Payne's party claim also that the recent act of Congress prohibiting the settlement of other tribes in the Indian Territory threw all unoccupied land at that date into the public domain. But the act does not say so. The land was originally obtained for a particular purpose. If no other friendly tribes are allowed to be settled in the Indian Territory, this land should be divided among those already there. Besides, this act may be repealed by any subsequent Congress, and the work of transferring other friendly Indians to that country go on as before.

Driven from those positions, the Payne "boomers" claim that the Oklahoma lands were thrown open to settlement by the sixth section of an act of Congress approved July 27, 1866 granting lands to aid in the construction of a railroad and telegraph line from the States of Missouri and Arkansas, which reads as follows: "That the President of the United States shall cause the lands to be surveyed for forty miles in width on both sides of the entire line of said road after the general route shall be fixed and as fast as may be required by the construction of said railroad, and the odd sections of land hereby granted shall not be liable to sale or entry or pre-emption, before or after they are surveyed, except by said company, as provided in this act: but the provisions of the act of September, 1841, granting pre-emption rights and the acts amendatory thereof and the act entitled an act to secure homesteads to actual settlers on the public domain, approved May 20, 1862, shall be and the same is hereby extended to all other lands on the line of said road when surveyed, excepting those hereby granted to said company." 

The Government has continuously asserted that these provisions of this act did not apply to the lands in the Indian Territory.
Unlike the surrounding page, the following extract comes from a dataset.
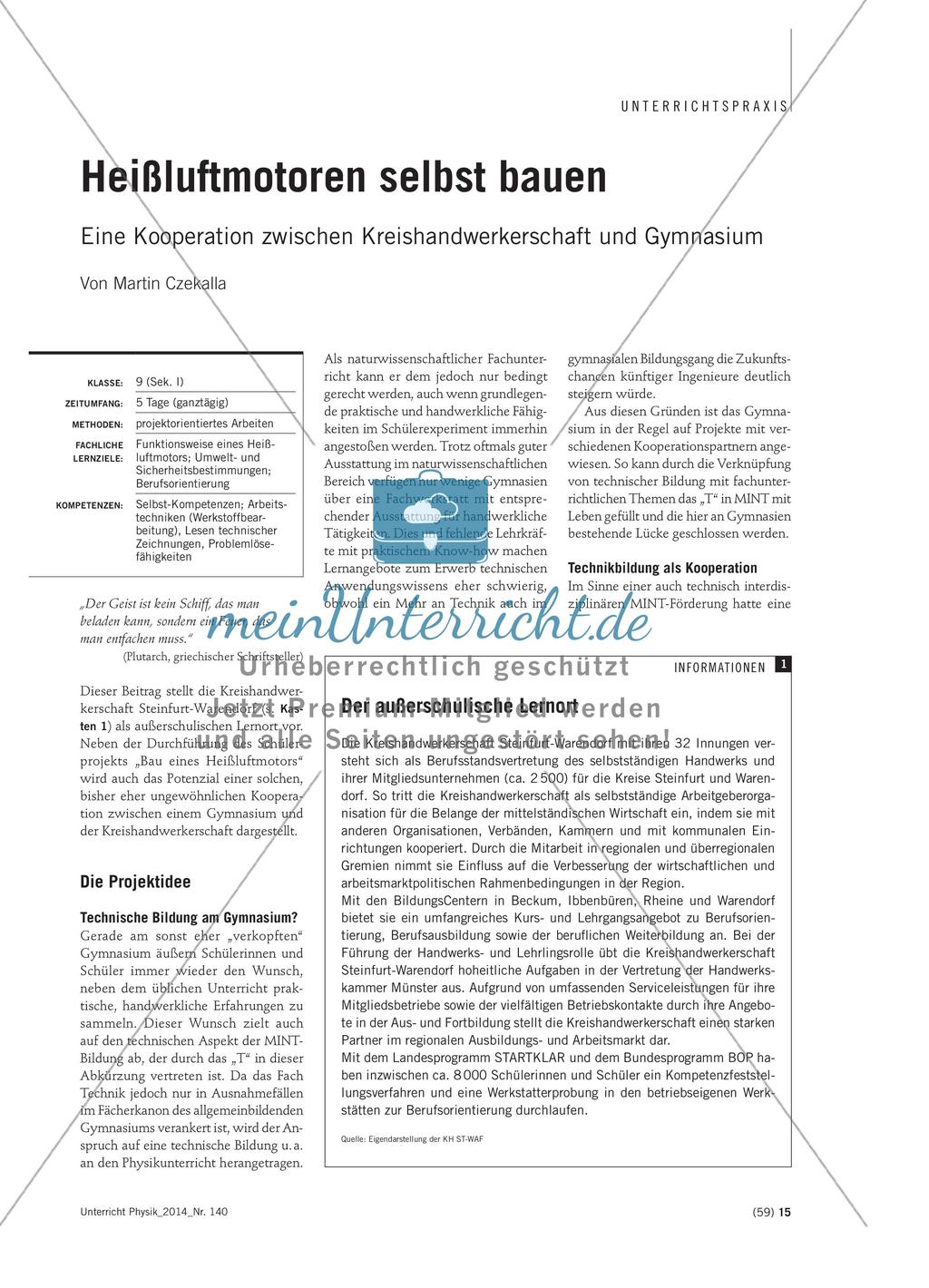 Heißluftmotoren selbst bauen - Eine Kooperation zwischen Kreishandwerkerschaft und Gymnasium Preview 1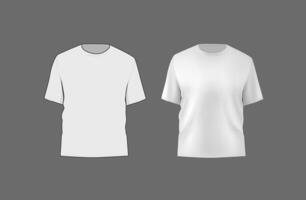 grundläggande svart manlig t-shirt mockup. främre och tillbaka se. tom textil- skriva ut mall för mode Kläder. vektor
The railroad company did not claim that the language quoted applied to land in the Indian Territory. The United States might be pardoned for granting a necessary right of way through the Indian Territory against the protests of all the Indians concerned, but none but a Payne “boomer” has ever before claimed that enough additional land could be taken to pay for building the railroad. The treaty by which the United States gained title to the land provided that it should not be used for any other purpose than the one named without the consent of both Creeks and Seminoles. This has not and can not be obtained.

THE LAW DEFEATED.

In addition to this, the decisions of United States Courts in similar cases are numerous and uniform to the effect that whenever a tract of land has been once appropriated to public use it is severed from the public domain, and that applies specially to the Indian reservations. Capt. Payne has been repeatedly ejected from the Indian Territory as an intruder. The law provides a penalty of $1,000 for each offense excepting the first. Two judgments have been obtained against him in the United States Districts but no property has been found from which to collect the fine. The law is defective in not providing some other punishment for impecunious intruders. An amendatory act has lately passed the Senate adding imprisonment, but has not been acted upon by the House. In the meantime the boom goes on. Payne sells certificate of membership at from $2 to $5 each, and the writer of this saw one numbered 10,095. The surveyor of the "colony" charged two of the men now at this post under arrest $35 each for locating their claims, which fees they declared they paid. The opinion of the Attorney General, the declarations of the Interior Department and the orders of the Secretary of War are counted as nothing by these men, as against the opinion of Capt. Payne.